Task description: Would you print, word for word, only the lines running from the line with "Hình ảnh bầu trời với mặt trăng siêu lớn" to the last line of the entries, without the pictures?

(Web page caption snippets)
########################################
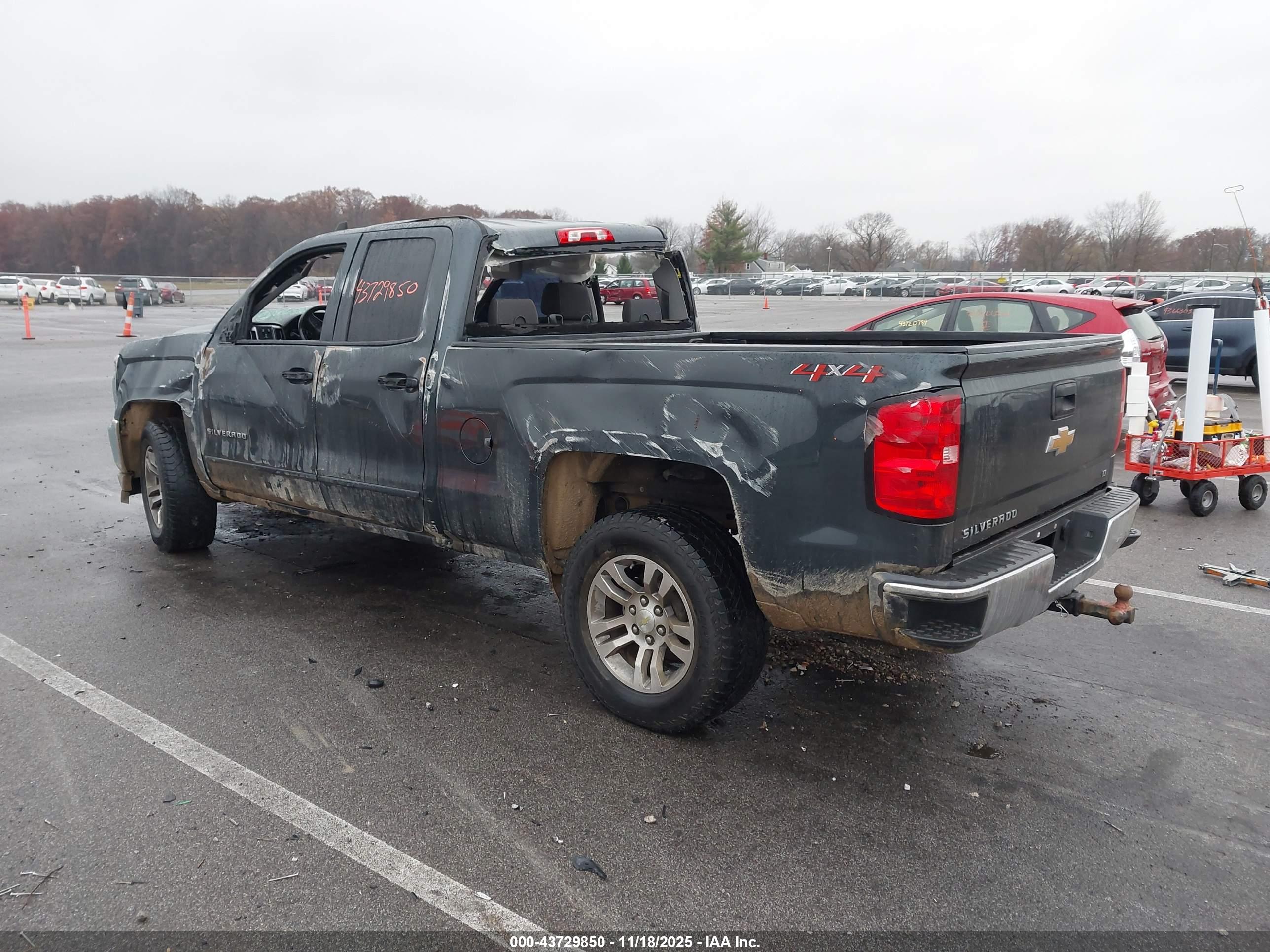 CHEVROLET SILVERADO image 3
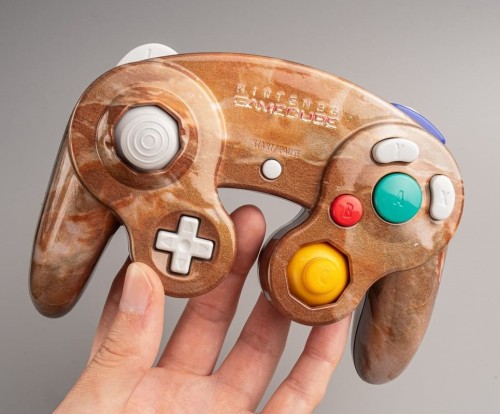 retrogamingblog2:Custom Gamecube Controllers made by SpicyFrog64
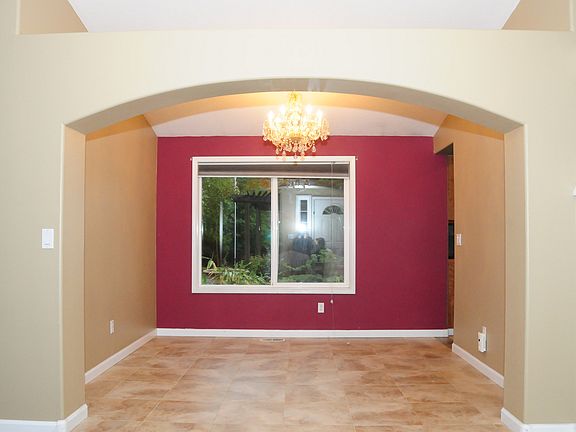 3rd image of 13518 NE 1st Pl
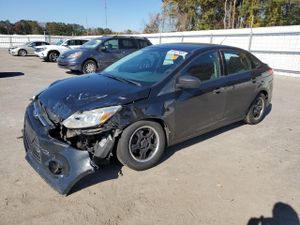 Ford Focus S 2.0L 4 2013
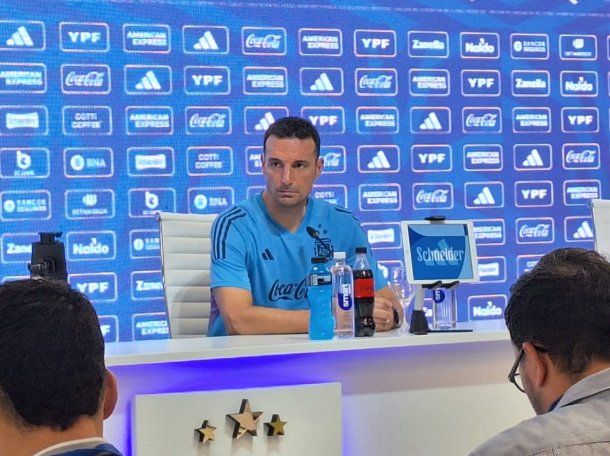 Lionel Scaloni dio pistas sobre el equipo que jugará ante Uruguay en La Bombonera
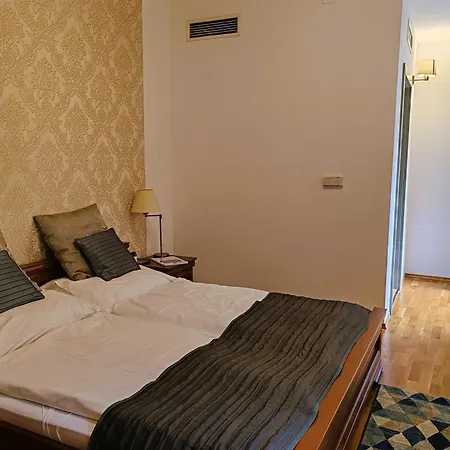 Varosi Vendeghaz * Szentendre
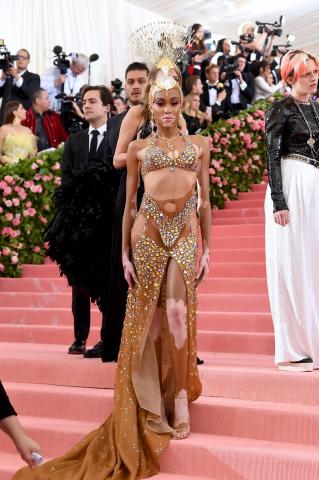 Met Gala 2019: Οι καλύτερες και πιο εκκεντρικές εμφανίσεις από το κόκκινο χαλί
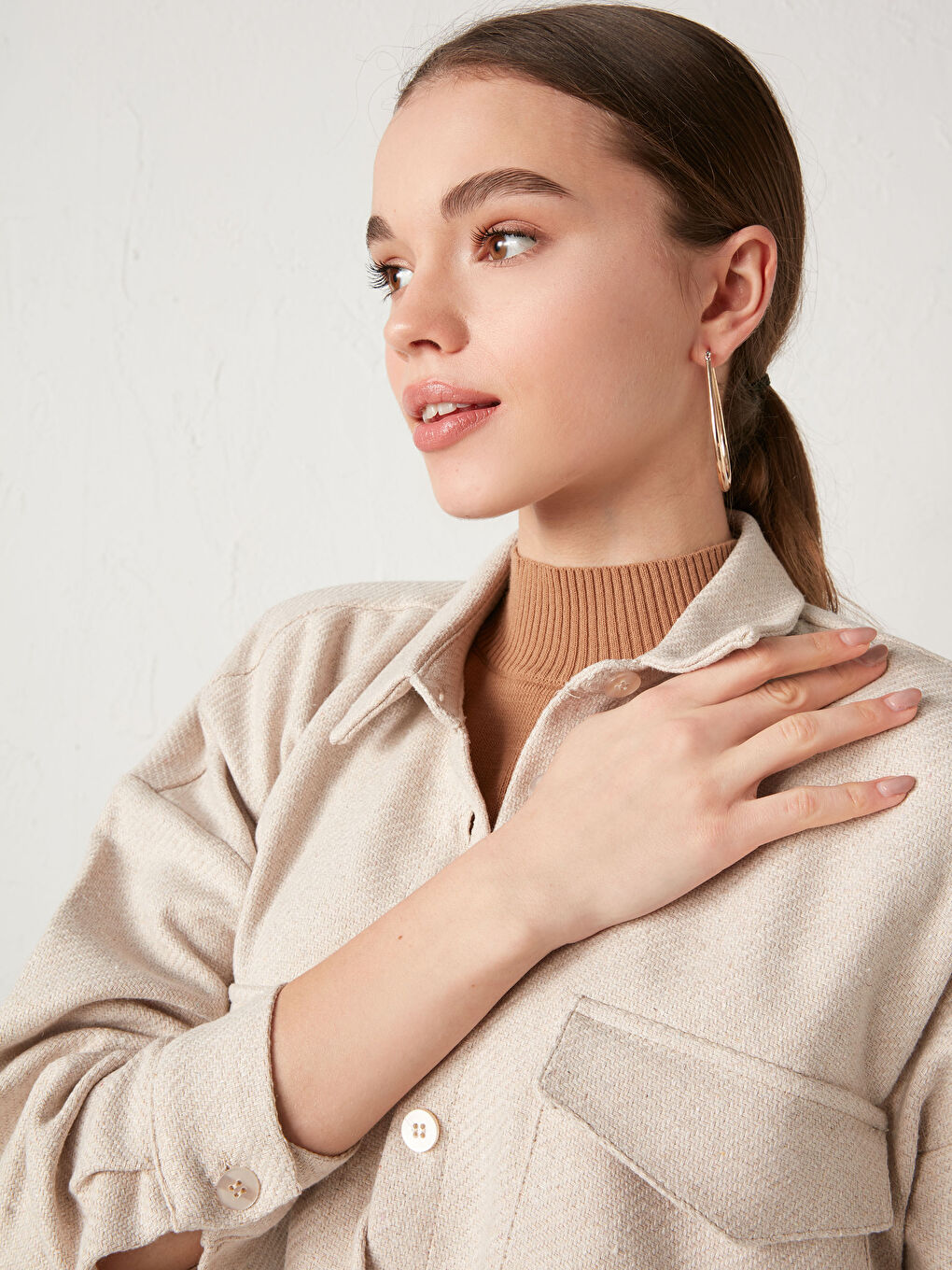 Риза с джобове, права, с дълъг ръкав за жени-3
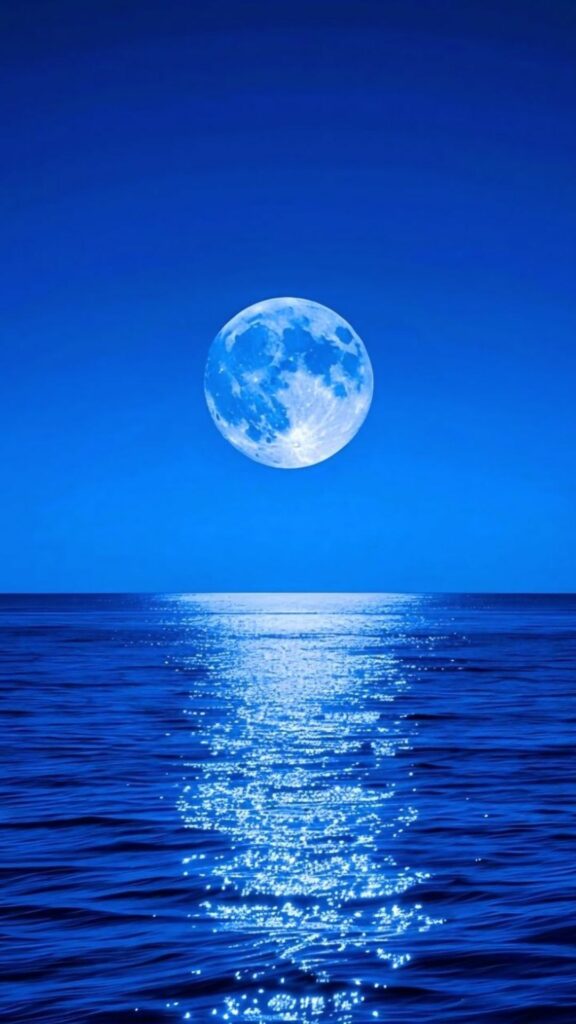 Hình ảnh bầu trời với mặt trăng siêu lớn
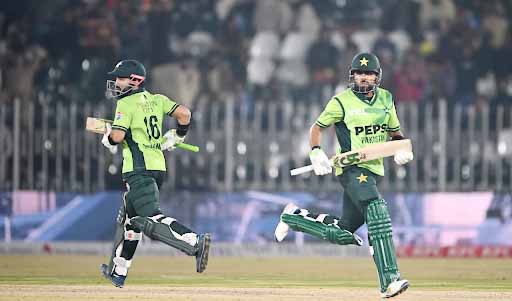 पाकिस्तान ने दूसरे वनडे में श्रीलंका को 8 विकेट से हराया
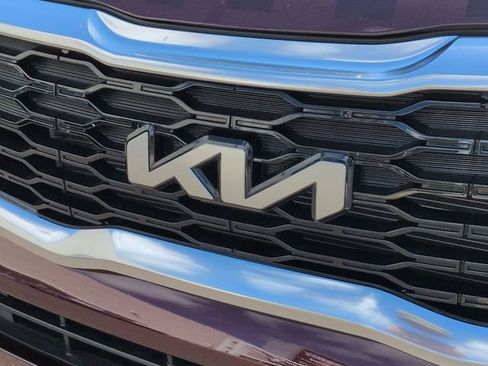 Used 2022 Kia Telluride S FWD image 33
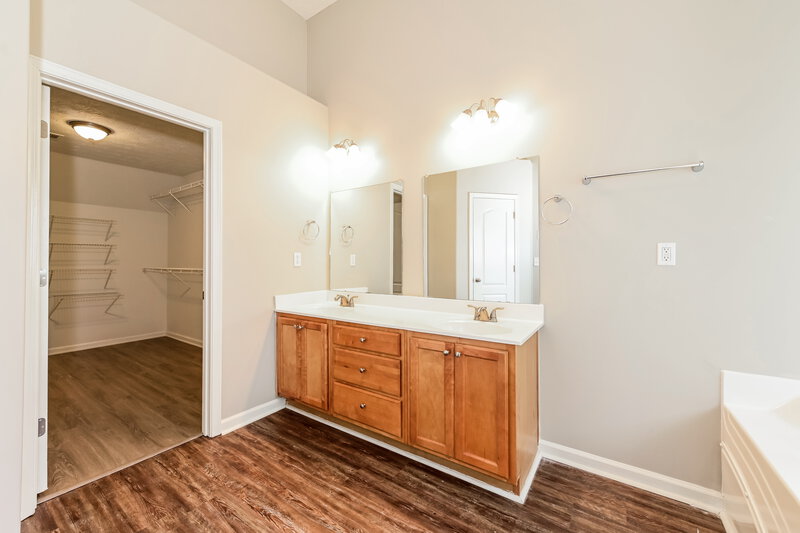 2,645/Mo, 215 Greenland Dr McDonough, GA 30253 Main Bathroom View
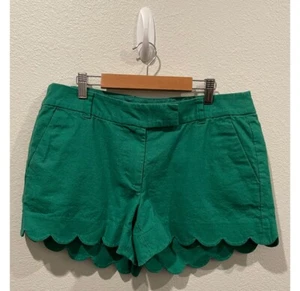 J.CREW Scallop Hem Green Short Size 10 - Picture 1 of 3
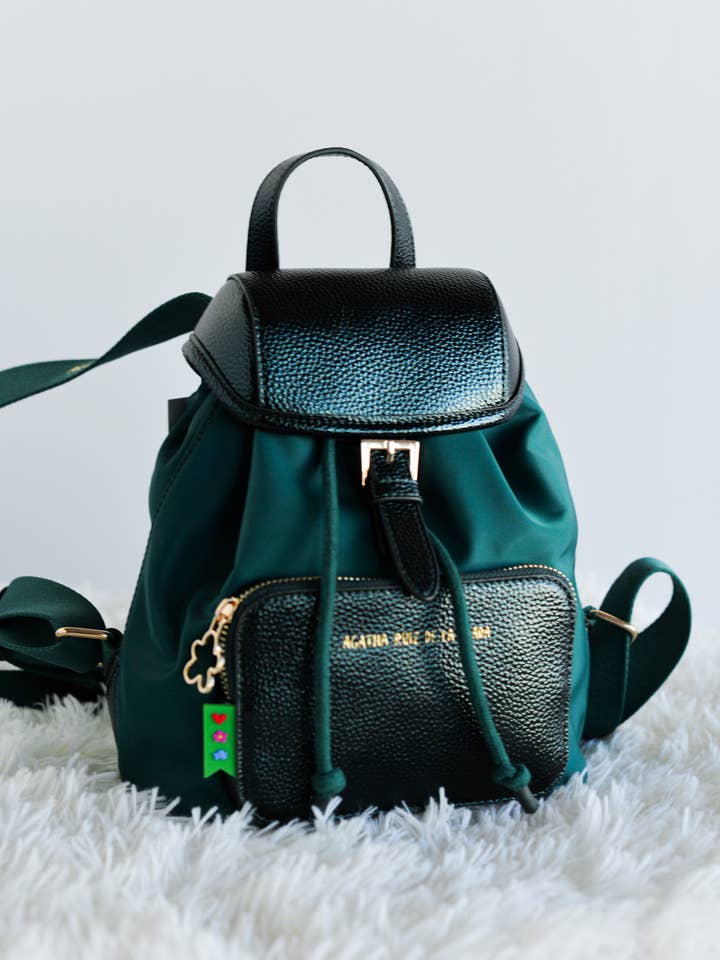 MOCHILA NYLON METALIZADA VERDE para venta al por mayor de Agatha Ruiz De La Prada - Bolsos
########################################
Answer to this exercise:
 Hình ảnh bầu trời với mặt trăng siêu lớn
 पाकिस्तान ने दूसरे वनडे में श्रीलंका को 8 विकेट से हराया
 Used 2022 Kia Telluride S FWD image 33
 2,645/Mo, 215 Greenland Dr McDonough, GA 30253 Main Bathroom View
 J.CREW Scallop Hem Green Short Size 10 - Picture 1 of 3
 MOCHILA NYLON METALIZADA VERDE para venta al por mayor de Agatha Ruiz De La Prada - Bolsos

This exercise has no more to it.